[Stored items]
Content starts

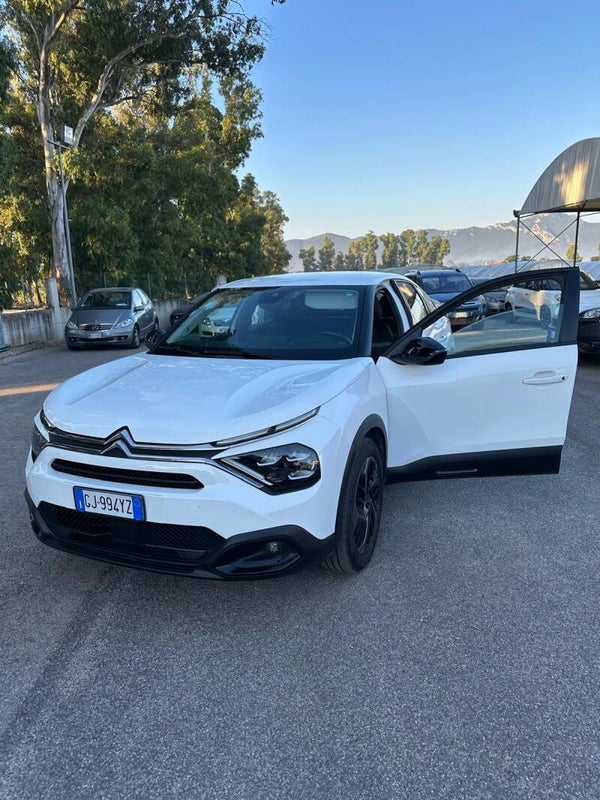 Citroen C4 1.5 HDI AUTOMATICA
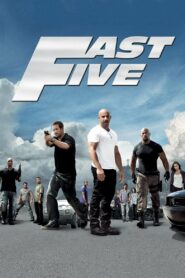 Fast and Furious 5 (2011) Hindi Dubbed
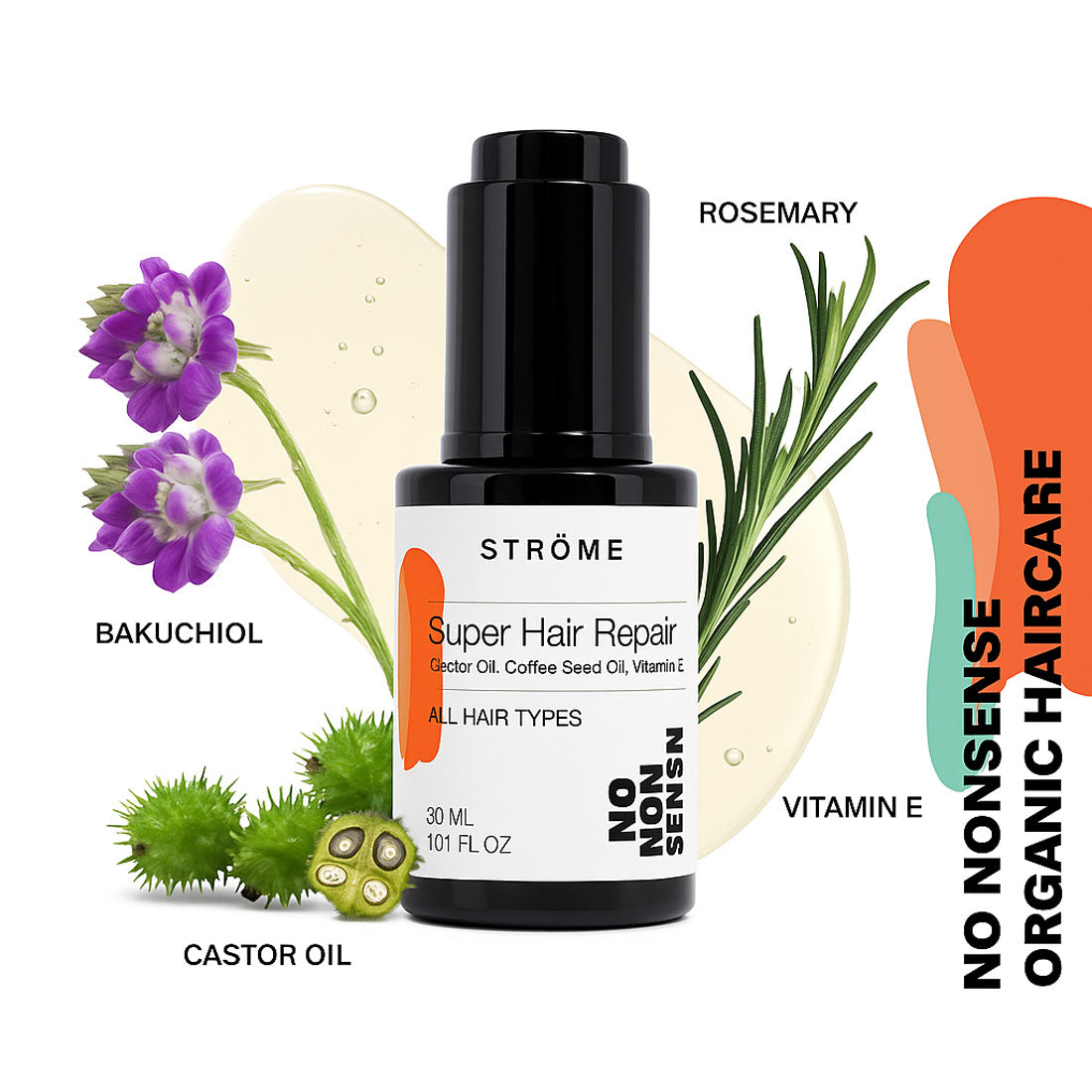 SUPER HAIR REPAIR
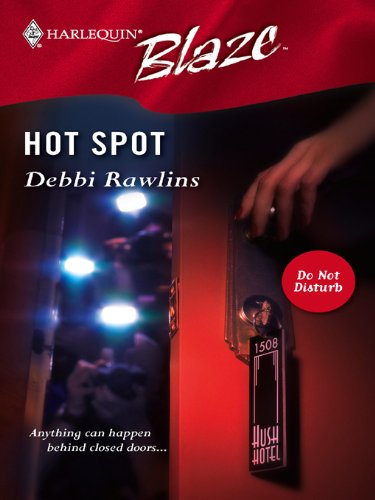 Hot Spot book cover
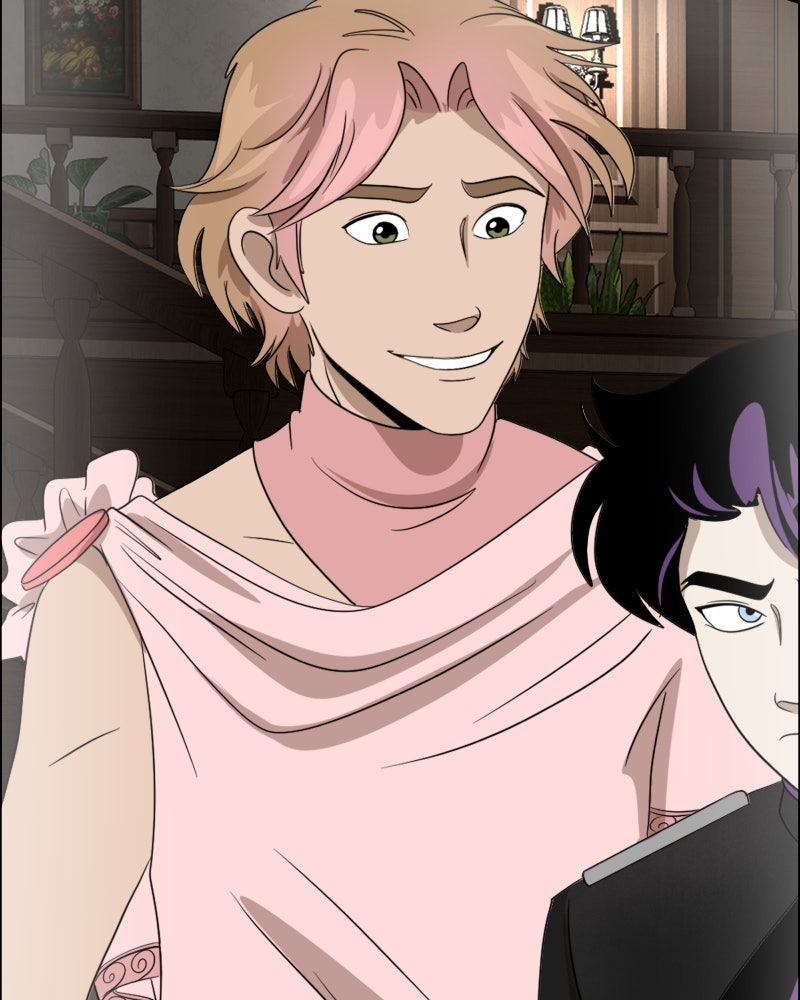 Cinderella Boy (S2) Ep. 53 - No Good Deed (II) page 121 - 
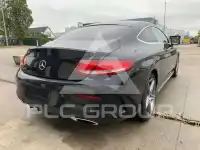 2016 Mercedes Benz C 250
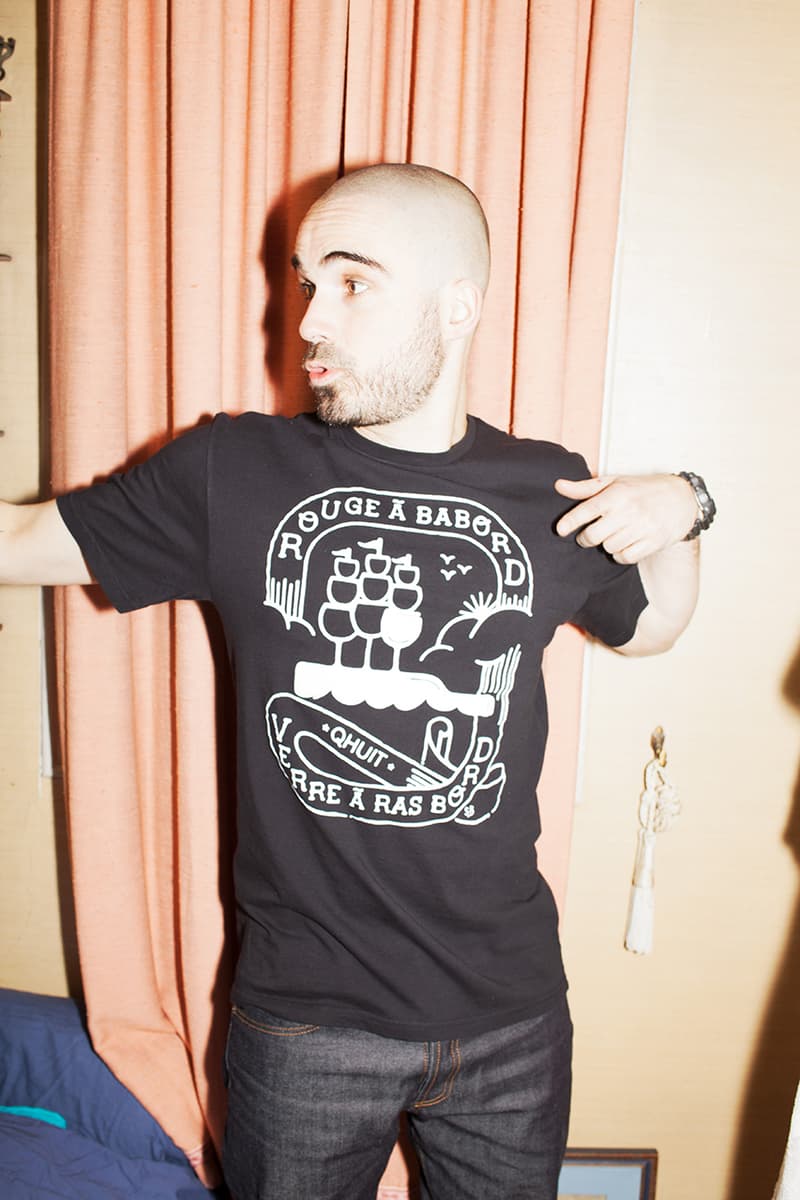 QHUIT 2013 春夏系列造型 Lookbook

Content ends

Leaving the pictures out, write out every entry exactly.

 Citroen C4 1.5 HDI AUTOMATICA
 Fast and Furious 5 (2011) Hindi Dubbed
 SUPER HAIR REPAIR
 Hot Spot book cover
 Cinderella Boy (S2) Ep. 53 - No Good Deed (II) page 121 - 
 2016 Mercedes Benz C 250
 QHUIT 2013 春夏系列造型 Lookbook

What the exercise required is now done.